If you wanted to, you could build an adjacency list representation from the maze file, and when you go about solving the maze in your lab, that's probably the best thing to do for the DFS that solves the maze.

File Representation

For the rest of this lecture, we are going to store graphs in a specific file format. A file representing a graph will start with a line "NNODES n," where n is the number of nodes in the graph. Then the remaining lines are of the form "EDGE from to," where from and to are numbers between 0 and n-1. The files for G1 and G2 are below:

txt/g1.txt
NNODES 10
EDGE 4 9
EDGE 4 6
EDGE 4 7
EDGE 6 8
EDGE 3 5
EDGE 1 3
txt/g2.txt
NNODES 10
EDGE 5 9
EDGE 1 2
EDGE 5 8
EDGE 3 7
EDGE 2 7
EDGE 0 3
EDGE 5 7
EDGE 6 8
EDGE 2 9

I can specify the edges in any order.


Depth First Search

Depth-First Search (abbreviated "DFS") is one of the most basic graph algorithms. With DFS, each node has a boolean value called visited. Before the DFS, that value is set to false, for all nodes. Then, you commence a DFS on a node. Let's call that node n. The DFS works as follows: When you call DFS on a node n, the DFS will visit every node connected to n. For that reason, DFS is good for activities that involve connectivity. We'll see one of those in the next section.

When we did tree traversals in CS202, they are DFS's. With a preorder traversal, you do the activity before calling DFS recursively, and with a postorder traversal, you do the activity after calling DFS recursively. The inorder traversal is a DFS too, where you do the activity in the middle of the DFS calls.


Depth First Search To Count Connected Components

Two nodes are in the same connected component if there is a path between them. Thus, a graph may be partitioned into its connected components. To discover all the nodes connected to a given node, you can perform a depth first search on that node. Thus, if you want to identify all of the connected components of a graph, you can do that with one DFS for each component of the graph.

This results in the following algorithm for determining connected components. First, you read in a graph. Then you set all visited fields to zero. Then you traverse all the nodes in the graph, and whenever you encounter one whose visited field is zero, you perform the connected component depth first search on it. The total number of depth first searches is equal to the number of connected components in the graph.

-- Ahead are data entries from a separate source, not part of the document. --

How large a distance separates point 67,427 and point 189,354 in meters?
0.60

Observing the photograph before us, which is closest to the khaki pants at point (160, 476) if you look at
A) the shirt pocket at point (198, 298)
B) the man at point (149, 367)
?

The code is in src/concomp.cpp. (I have a second implementation which has pointers in the adjacency lists rather than integers, because sometimes I write that in class instead. Please take a look at these notes to see that program, and an explanation of how it differs.)

In this program, we have separate classes for graphs and nodes. Graphs contain a vector of nodes (pointers to nodes, really). Each node has an adjacency list called edges, and this is a list of node numbers, as described above. The DFS is called Component_Count(), and it takes two parameters -- the node on which to perform the DFS (n), and the component number. The DFS uses a field component in each node as its visited field; however, instead of setting it to false initially, it is set to -1. And instead of setting it to true during the DFS, it is set to the component number.

The code is below. It is pretty straightforward:

#include <iostream>
#include <string>
#include <vector>
#include <stdlib.h>
using namespace std;

/* Each node is stored in one of these data structures.
   We are using adjacency lists to store edges, but instead
   of using the list data structure, we are using a vector.
   This is because it is space efficient and convenient. */

class Node {
  public:
    int id;                 // The node's number.
    vector <int> edges;     // Adjacency list, holding the 
                            // numbers of the nodes to which
                            // this node is connected.
    int component;          // Component number.
};

/* This is the data structure for the graph. */

class Graph {
  public:
    vector <Node *> nodes;                    // All of the nodes.  nodes[i]->number is i
                                              // Note that it is a vector of pointers.
    void Component_Count(int index, int cn);  // This does the DFS to set components.
    void Print() const;                       // Print the graph.
};

// This is the DFS, where the component variable is used as the visited field.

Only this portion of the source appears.